As a member of the owners team, you have comprehensive access to all aspects of the organization, including policies, projects, workspaces, VCS providers, teams, API tokens, authentication, SSH keys, and cost estimation. A number of team-related tasks are reserved for the owners team and cannot be delegated:
- Creating and deleting teams
- Managing organization-level permissions granted to teams
- Viewing the full list of teams (including teams marked as secret).
Additionally, you can generate an organization-level API token to manage teams, team membership, and workspaces. It is important to note that this API token does not have permission to perform plans and applies in workspaces. Before assigning a workspace to a team, you can use either a member of the organization owners group or the organization API token to carry out initial setup.
Organization-level permissions
Key organization-level RBAC permissions and their respective purposes are below.
- Manage policies: Allows the Platform Team to create, edit, read, list, and delete the organization's Sentinel policies. This permission also grants you access to read runs on all workspaces for policy enforcement purposes, which is necessary to set enforcement of policy sets.

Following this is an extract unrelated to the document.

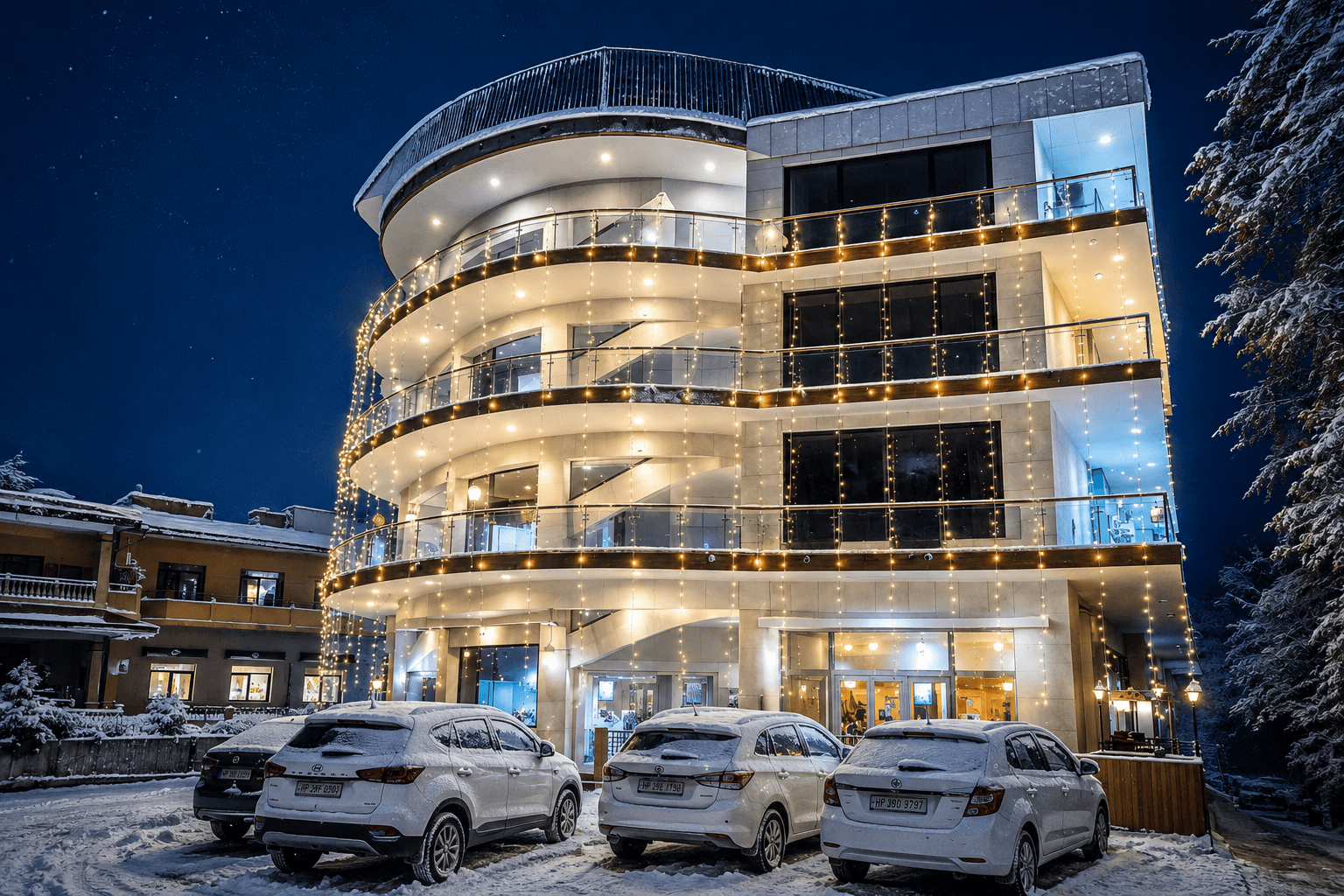 Hotel Rosewood In by Heritage Heaven Hotels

- Manage run tasks: Enables the Platform Team to create, edit, and delete run tasks within the organization.
- Manage policy overrides: Permits the Platform Team to override soft-mandatory policy checks. This permission also includes access to read runs on all workspaces for policy override purposes.
- Manage VCS settings: Allows the Platform Team to manage the VCS providers and SSH keys available within the organization.
- Manage private registry: Grants the Platform Team the ability to publish and delete providers and/or modules in the organization's private registry. Normally, these permissions are only available to organization owners.
- Manage membership: Enables the Platform Team to invite users to the organization, remove users from the organization, and add or remove users from teams within the organization. This permission allows the Platform Team to view the list of users in the organization and their organization access. However, it does not provide the ability to create teams, modify team settings, or view secret teams.
As you review the permissions above, it becomes clear that many of them are not required for typical users. Therefore, we recommend granting these organization-wide permissions to a select group of your team members, reserving them for the most senior members on your team and restricting access for members of the development team. This approach helps prevent unintended modifications or disruptions to your organization's configuration.
It is crucial to treat the organization token as a secret and limit access to only privileged staff. Additionally, you have the flexibility to create additional teams within your organization and grant them specific organization-level permissions to suit the needs of the team and maintain proper access control.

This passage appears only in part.